*** Opening SUPPLIED MATERIAL ***

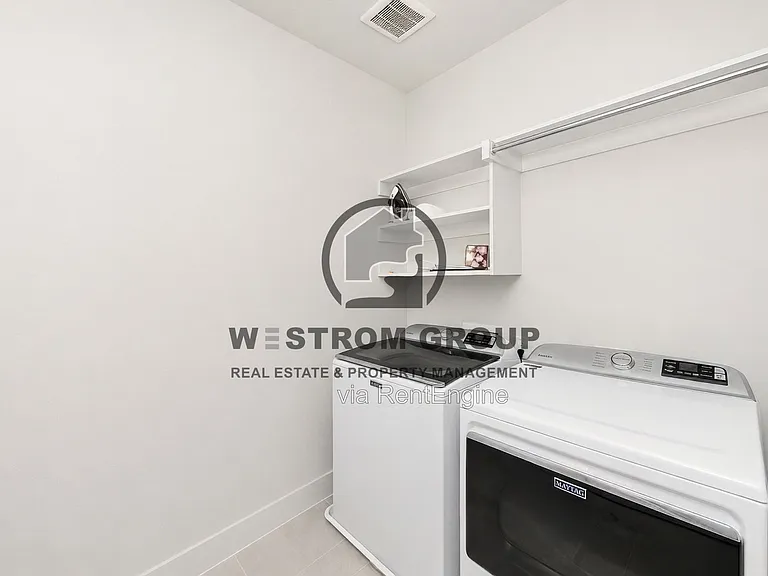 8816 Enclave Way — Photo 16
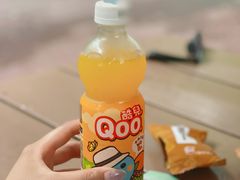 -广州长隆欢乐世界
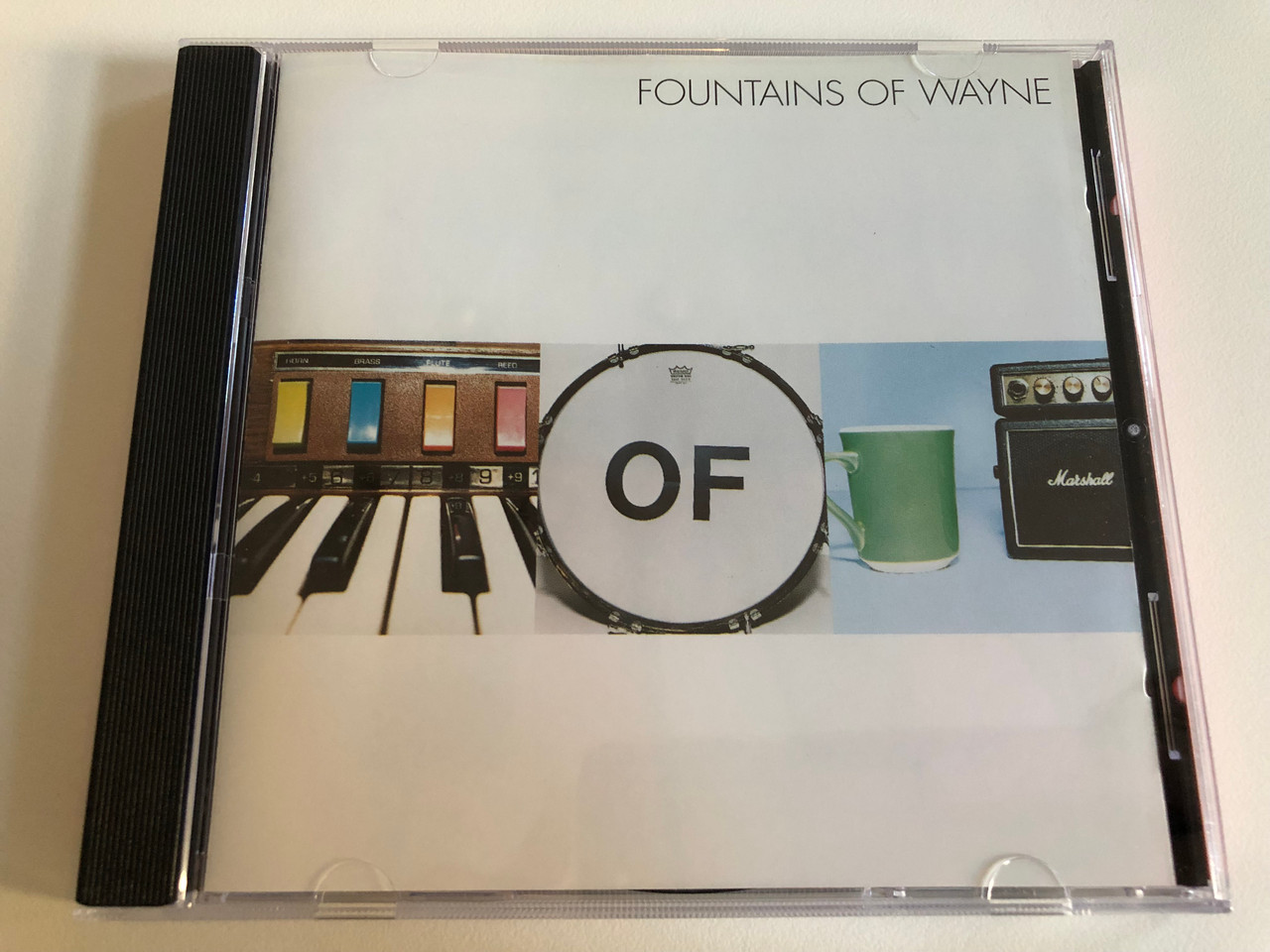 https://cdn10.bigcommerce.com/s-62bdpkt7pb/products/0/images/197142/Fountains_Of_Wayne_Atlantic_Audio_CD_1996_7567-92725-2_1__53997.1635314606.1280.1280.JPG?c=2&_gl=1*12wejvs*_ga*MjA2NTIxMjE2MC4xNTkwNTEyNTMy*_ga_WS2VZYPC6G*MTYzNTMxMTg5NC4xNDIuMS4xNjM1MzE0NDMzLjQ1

*** Closing SUPPLIED MATERIAL ***

WORK REQUIRED:
Write out the whole listing again, exactly, with no pictures.

WRITTEN RESPONSE:
 8816 Enclave Way — Photo 16
 -广州长隆欢乐世界
 https://cdn10.bigcommerce.com/s-62bdpkt7pb/products/0/images/197142/Fountains_Of_Wayne_Atlantic_Audio_CD_1996_7567-92725-2_1__53997.1635314606.1280.1280.JPG?c=2&_gl=1*12wejvs*_ga*MjA2NTIxMjE2MC4xNTkwNTEyNTMy*_ga_WS2VZYPC6G*MTYzNTMxMTg5NC4xNDIuMS4xNjM1MzE0NDMzLjQ1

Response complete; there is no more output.